Arima with Ljung-Box

Fit an ARIMA model and test residuals with the Ljung-Box statistic

Usage

ARIMA(x, order = c(0, 0, 0),
     seasonal = list(order = c(0, 0, 0), period = NA),
     xreg = NULL, include.mean = TRUE, transform.pars = TRUE,
     fixed = NULL, init = NULL, method = c("CSS-ML", "ML", "CSS"),
     n.cond, optim.control = list(), kappa = 1e6, Box.test.lag=NULL,
     Box.test.df = c("net.lag", "lag"),
     type = c("Ljung-Box", "Box-Pierce", "rank"))

Arguments

x

a univariate time series

order

A specification of the non-seasonal part of the ARIMA model: the three components (p, d, q) are the AR order, the degree of differencing, and the MA order.

seasonal

A specification of the seasonal part of the ARIMA model, plus the period (which defaults to 'frequency(x)'). This should be a list with components 'order' and 'period', but a specification of just a numeric vector of length 3 will be turned into a suitable list with the specification as the 'order'.

xreg

Optionally, a vector or matrix of external regressors, which must have the same number of rows as 'x'.

include.mean

Should the ARMA model include a mean/intercept term? The default is 'TRUE' for undifferenced series, and it is ignored for ARIMA models with differencing.

transform.pars

Logical. If true, the AR parameters are transformed to ensure that they remain in the region of stationarity. Not used for 'method = "CSS"'.

fixed

optional numeric vector of the same length as the total number of parameters. If supplied, only 'NA' entries in 'fixed' will be varied. 'transform.pars = TRUE' will be overridden (with a warning) if any AR parameters are fixed. It may be wise to set 'transform.pars = FALSE' when fixing MA parameters, especially near non-invertibility.

init

optional numeric vector of initial parameter values. Missing values will be filled in, by zeroes except for regression coefficients. Values already specified in 'fixed' will be ignored.

method

Fitting method: maximum likelihood or minimize conditional sum-of-squares. The default (unless there are missing values) is to use conditional-sum-of-squares to find starting values, then maximum likelihood.

n.cond

Only used if fitting by conditional-sum-of-squares: the number of initial observations to ignore. It will be ignored if less than the maximum lag of an AR term.

optim.control

List of control parameters for 'optim'.

kappa

the prior variance (as a multiple of the innovations variance) for the past observations in a differenced model. Do not reduce this.

Box.test.lag

the Box.test statistic will be based on 'Box.test.lag' autocorrelation coefficients of the whitened residuals. The default is the maximum of the following: round(log(sum(!is.na(x)))), recommended by Tsay (p. 27).

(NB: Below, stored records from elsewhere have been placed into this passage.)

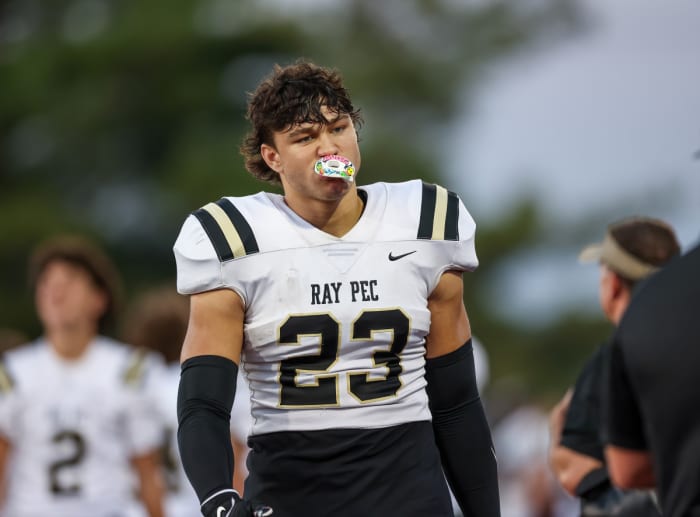 Raymore-Peculiar at Lee's Summit North Missouri football 9-29-23 David Smith 23761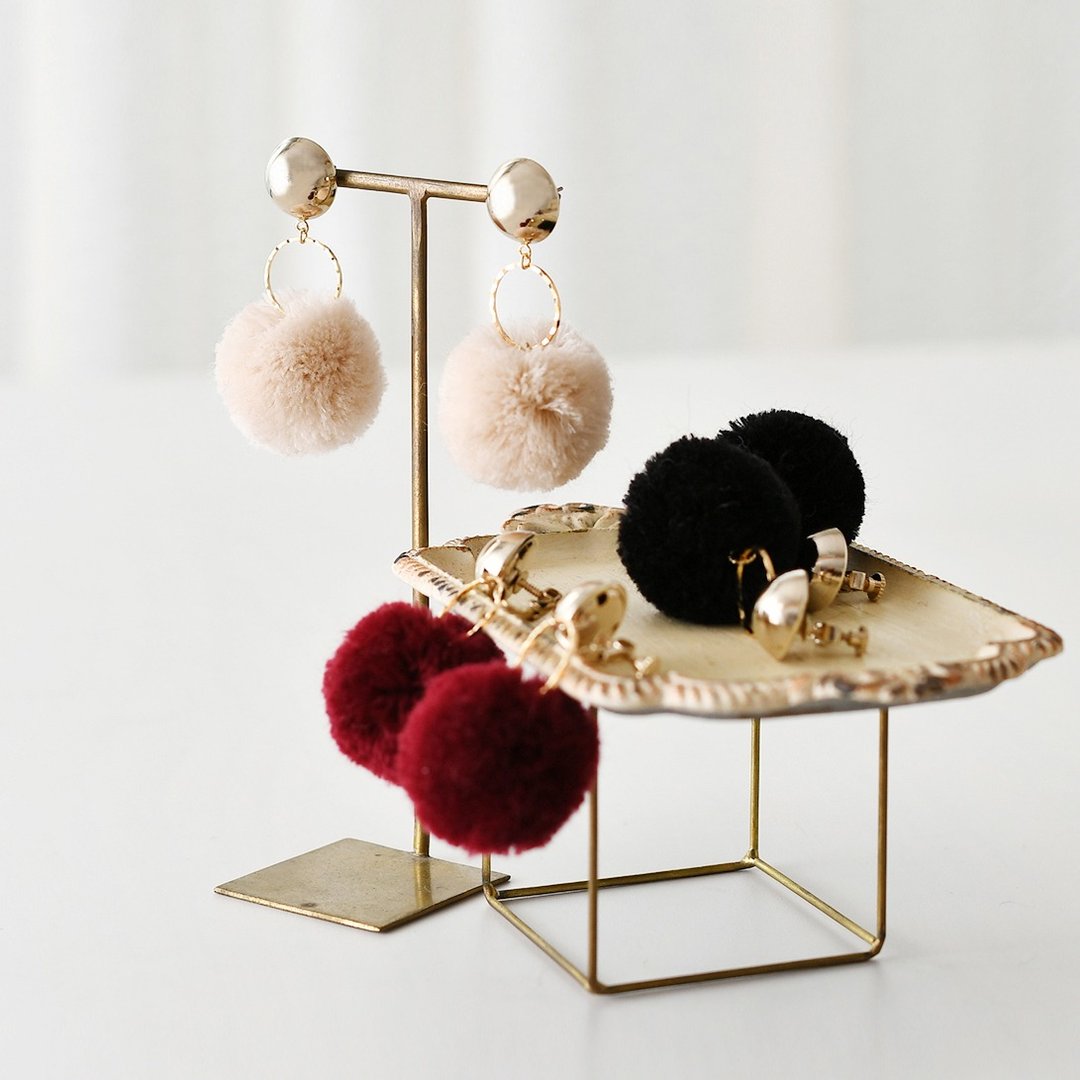 Pompon tassel earrings/Gold dome - 耳环/耳夹 - 羊毛 金色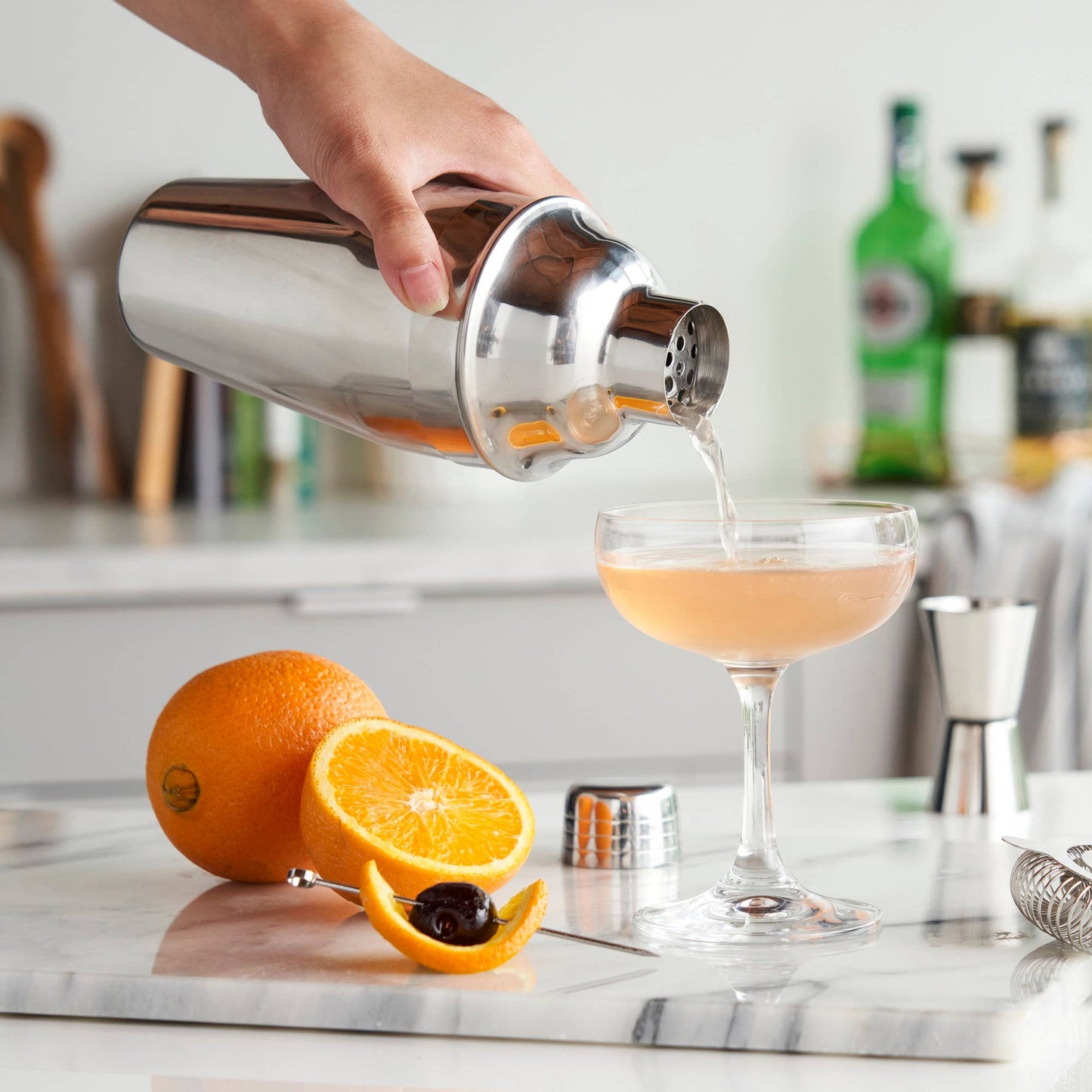 Contour Stainless Steel Cocktail Shaker - TRUE - ASSORTED SIZES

One more than the number of parameters estimated, not counting any 'intercept' in the model.

Box.test.df

numeric or character variable indicating the degrees of freedom for the ch-square approximation to the distribution of the Box.test statistic. The default 'net.lag' is 'Box.test.lag' minus the number of relevant parameters estimated. The primary alternative 'lag' is the number of lags included in the computation of the statistic.

A positive number can also be provided.

type

which Box.test 'type' should be used? Partial matching is used.

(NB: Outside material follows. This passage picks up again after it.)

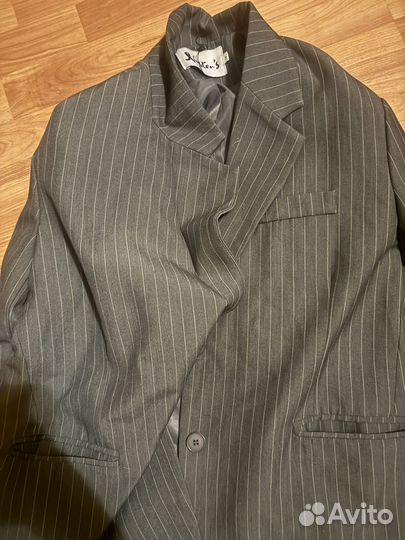 Пиджак женский 46 дизайнерский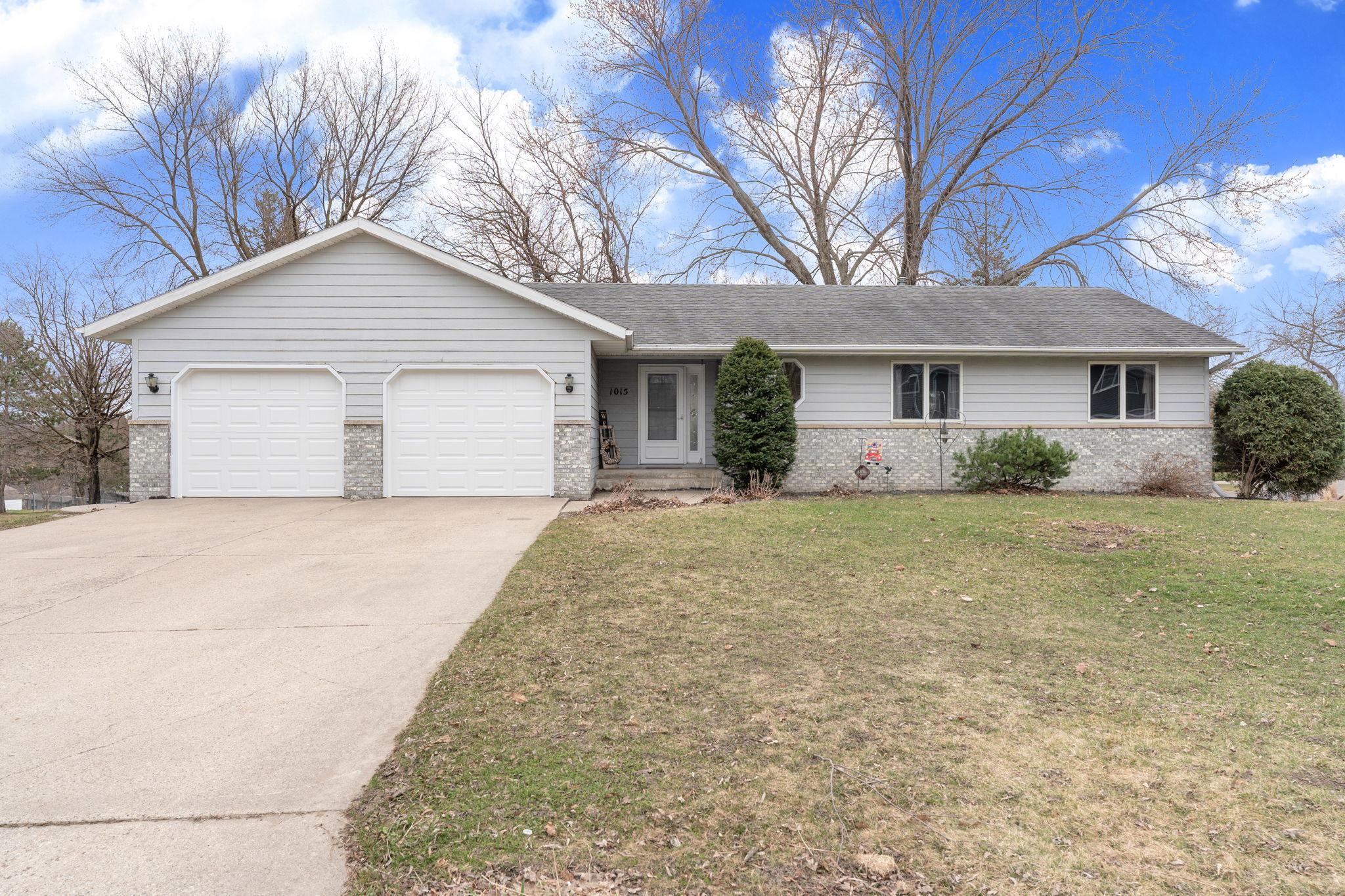 1015 Ridge Road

The 'rank' alternative computes 'Ljung-Box' on rank(x); see Burns (2002) and references therein.

NOTE: The default 'Ljung-Box' type generally seems to be more accurate and popular than the earlier 'Box-Pierce', which is however the default for 'Box.test'.

Details

1. Fit the desired model using 'arima'.

2. Compute the desired number of lags for Box.test

3. Apply 'AutocorTest' to the whitened residuals.

NOTE: Some software does not adjust the degrees of freedom for the number of parameters estimated. Tsay (2005) and Enders (2004) do. The need to adjust the degrees of freedom discussed by Brockwell and Davis (1990), who provide a proof describing the circumstances under which this is appropriate.

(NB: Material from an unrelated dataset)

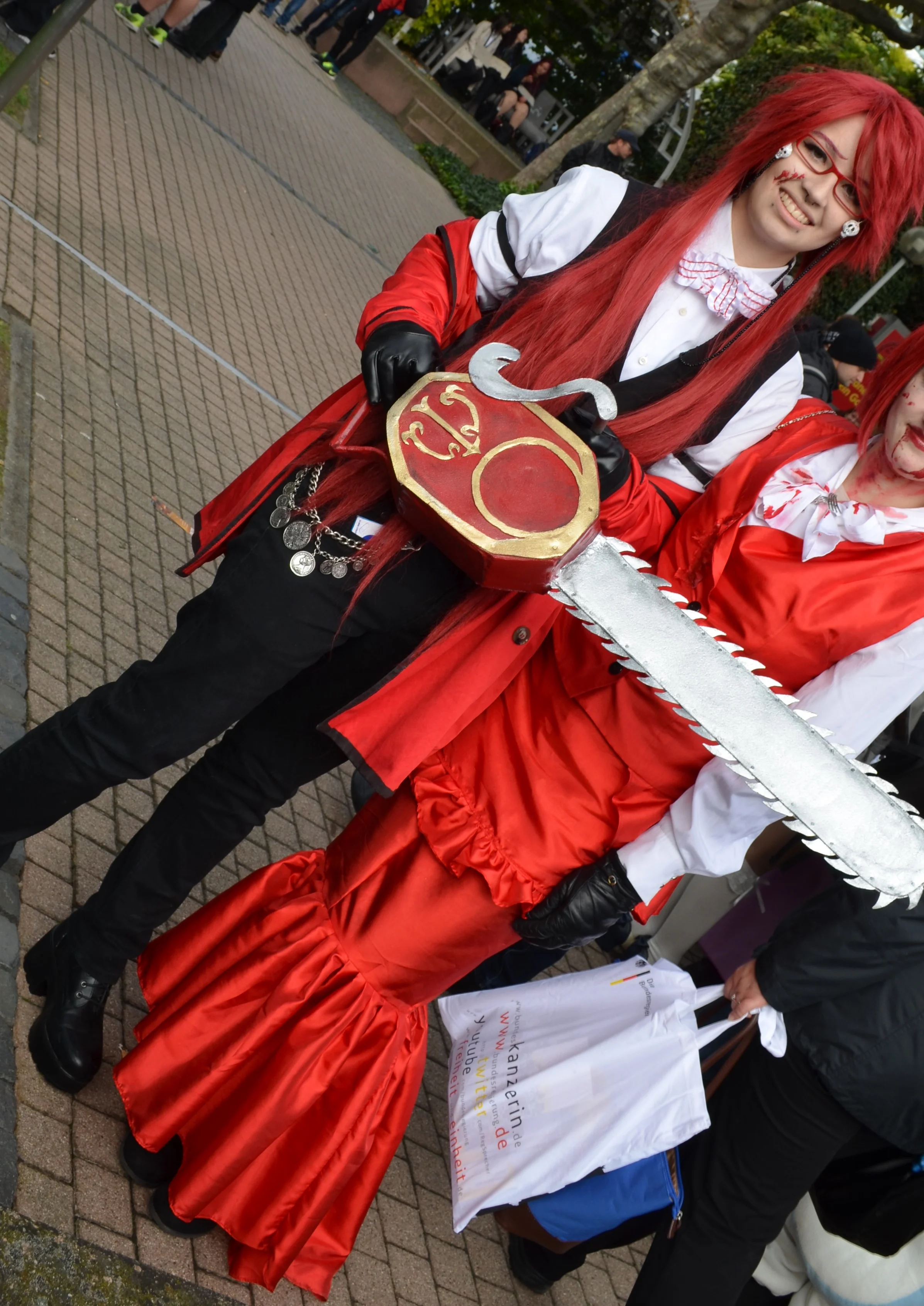 Cosplay-Cover: Grell Sutcliff
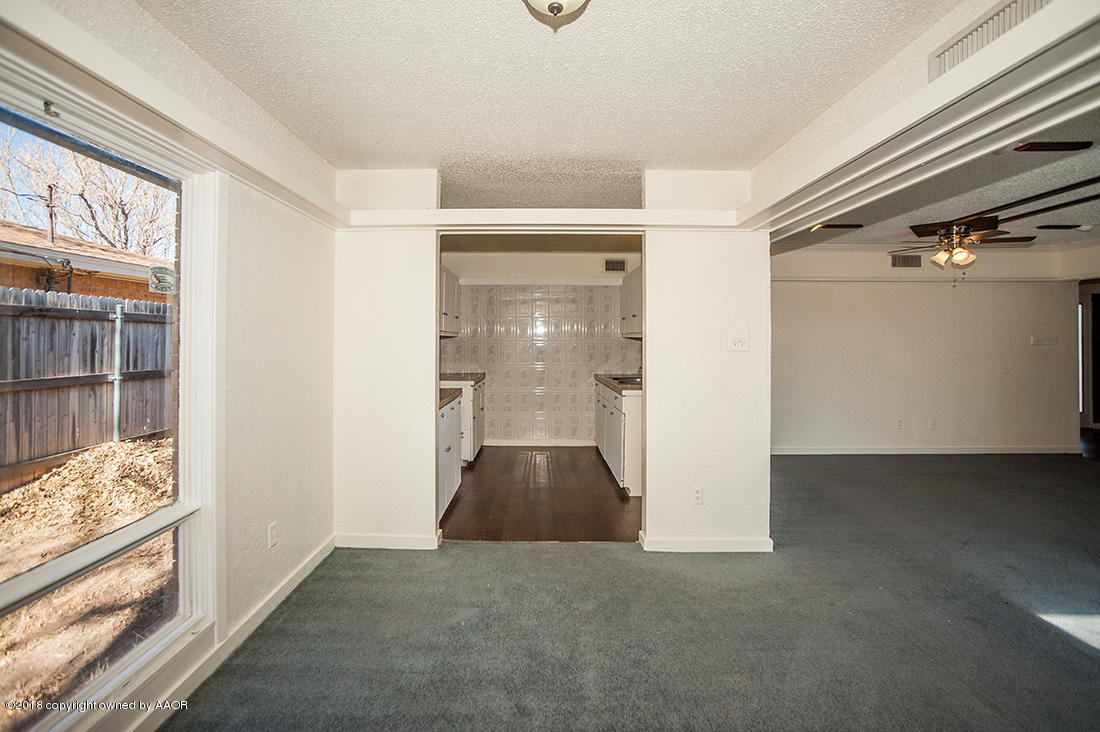 6001 Elmhurst Road Amarillo, TX 79106 - Photo 5 of 23 DSC_2335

This is, however, an asymptotic result, and it would help to have simulation studies of the distribution of the Ljung-Box statistic, estimating degrees of freedom and evaluating goodness of fit. Burns recommends a rank version of the Ljung-Box test, but does not estimate degrees of freedom. If you have done such a simulation or know of a reference describing such, would you please notify the maintainer of this package?

4. If 'xreg' is supplied, compute r.squared.

Value

an 'arima' object with an additional 'Box.test' component and if 'xreg' is not null, an 'r.squared' component.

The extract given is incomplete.